● **Problem requirements**: Copy word for word the lines in the records below, starting at the line with "Speeding light trails" and ending at the line with "One day a young". Skip the pictures.

───── Data to examine

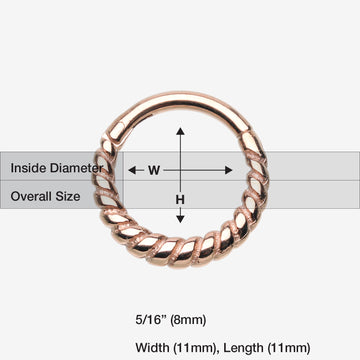 Detail View 1 of Rose Gold Classic Rope Seamless Clicker Hoop Ring
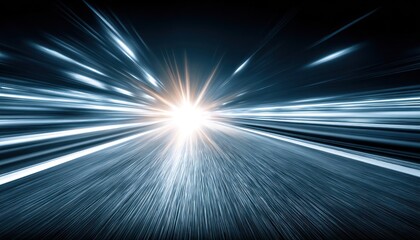 Speeding light trails rush towards a bright, centered point, blurring into streaks of blue and white against a dark, vast background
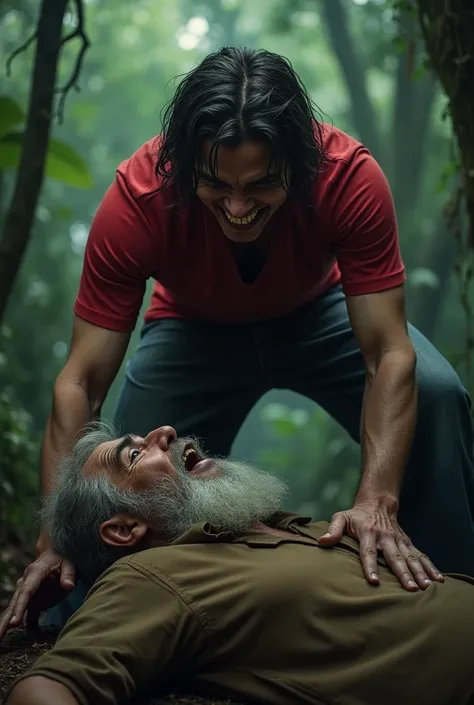  One day a young man with evil laugh in red t-shirts wants to kill and attack a poor old man with small French beard in Brown clothes lay down in the ground in jungle ai image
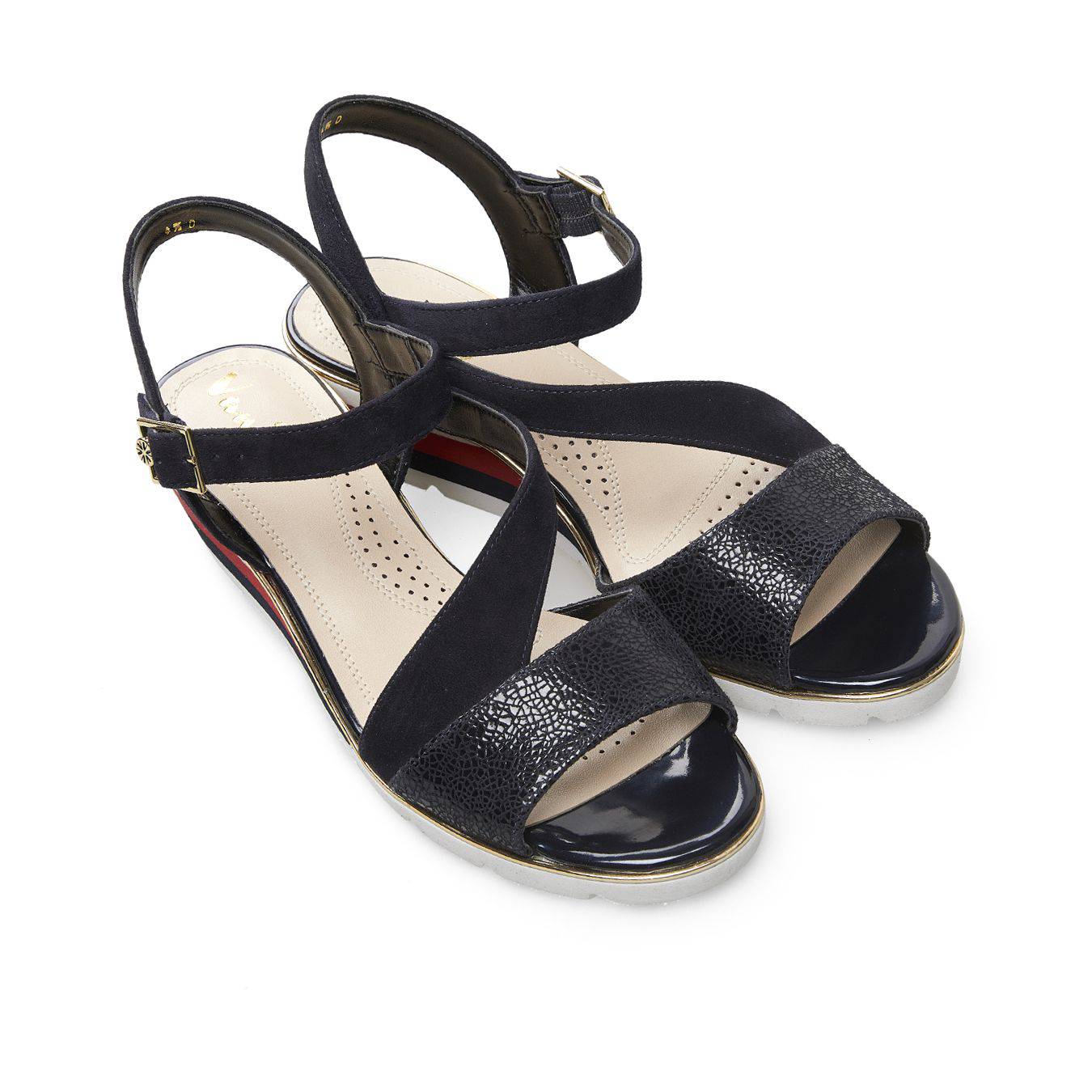 Van Dal Chennai 3110 /4102 Ladies Midnight Suede Buckle Fastening Sandals-elevate your sole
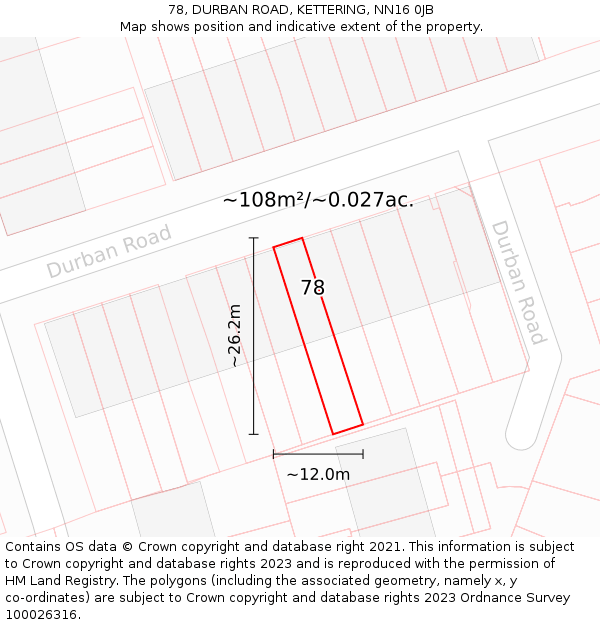 78, DURBAN ROAD, KETTERING, NN16 0JB: Plot and title map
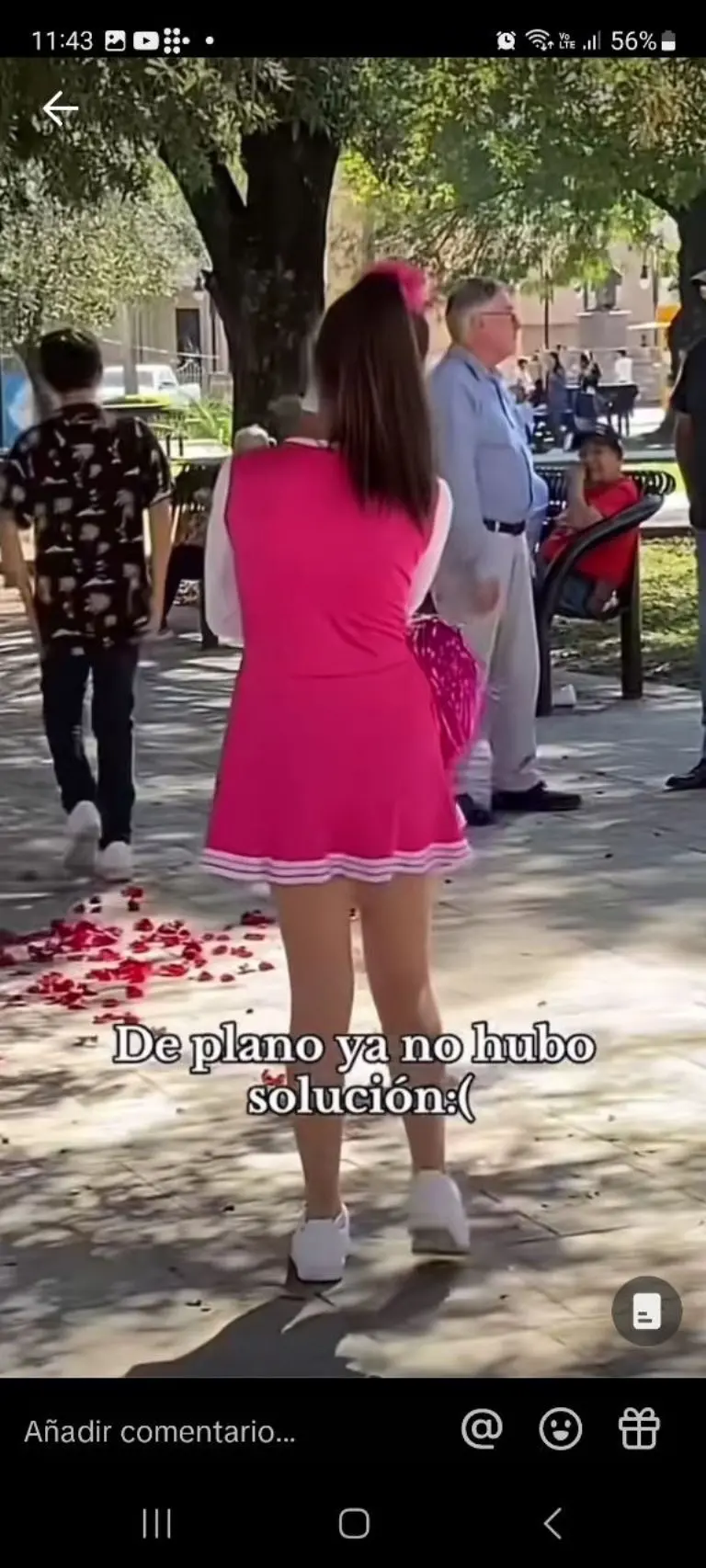 Joven destroza ramo de flores - Tomada de video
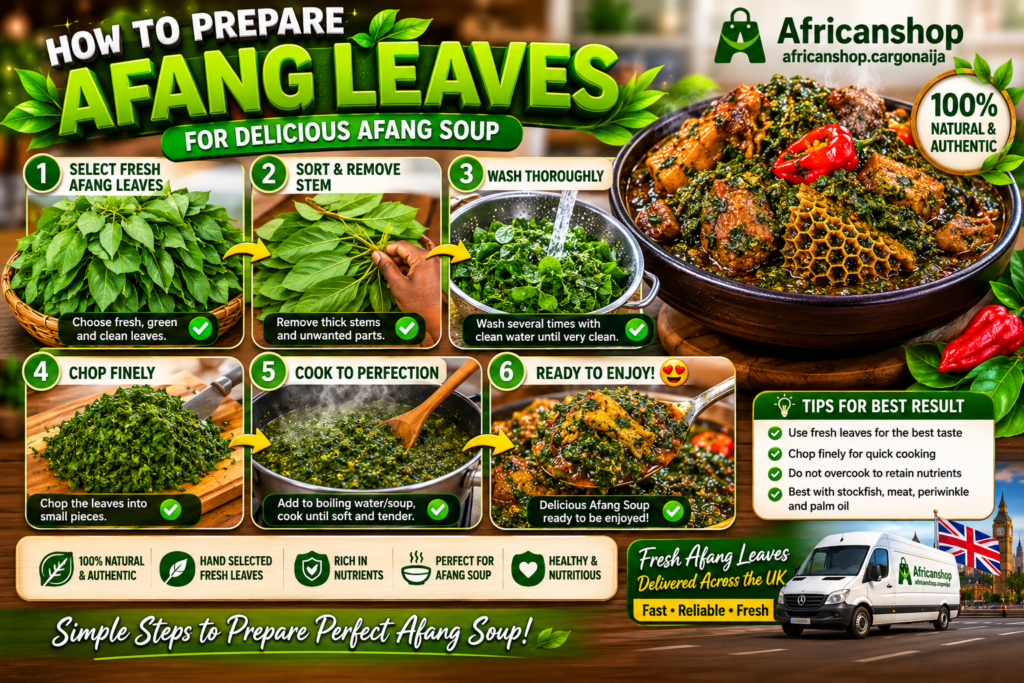 Preparing afang leaves for Nigerian afang soup recipe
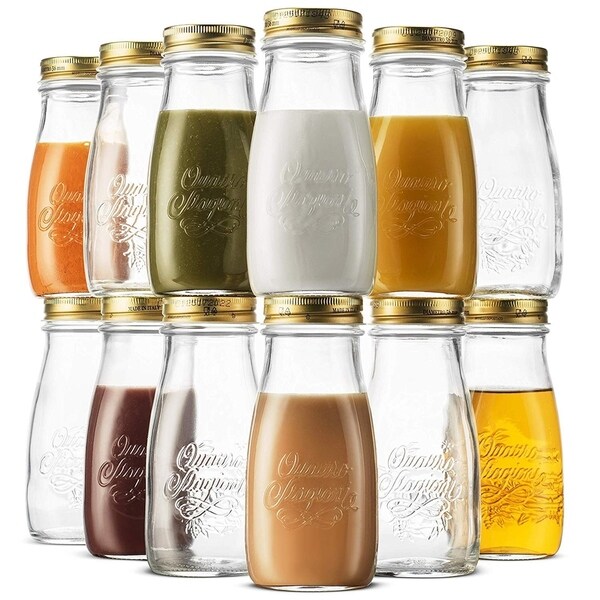Bormioli Rocco Quattro Stagioni Glass Drinking jar bottle 13.5 Ounce (12 Pack) Milk Bottles with Metal Airtight Lids. Opens flyout.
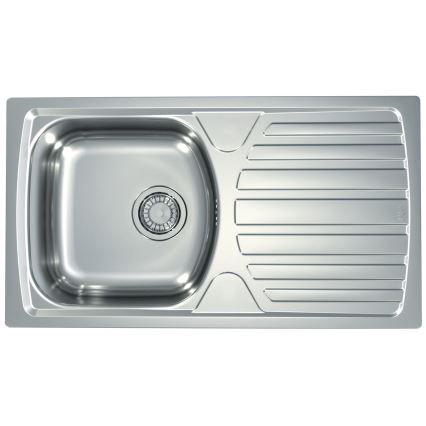 ALVEUS SETA259 - Fregadero de cocina BASIC 78x43,5 cm + grifo RIVIERA 14,8 cm satin/brillante cromado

──────────

● **Result of the task**:
 Speeding light trails rush towards a bright, centered point, blurring into streaks of blue and white against a dark, vast background
  One day a young man with evil laugh in red t-shirts wants to kill and attack a poor old man with small French beard in Brown clothes lay down in the ground in jungle ai image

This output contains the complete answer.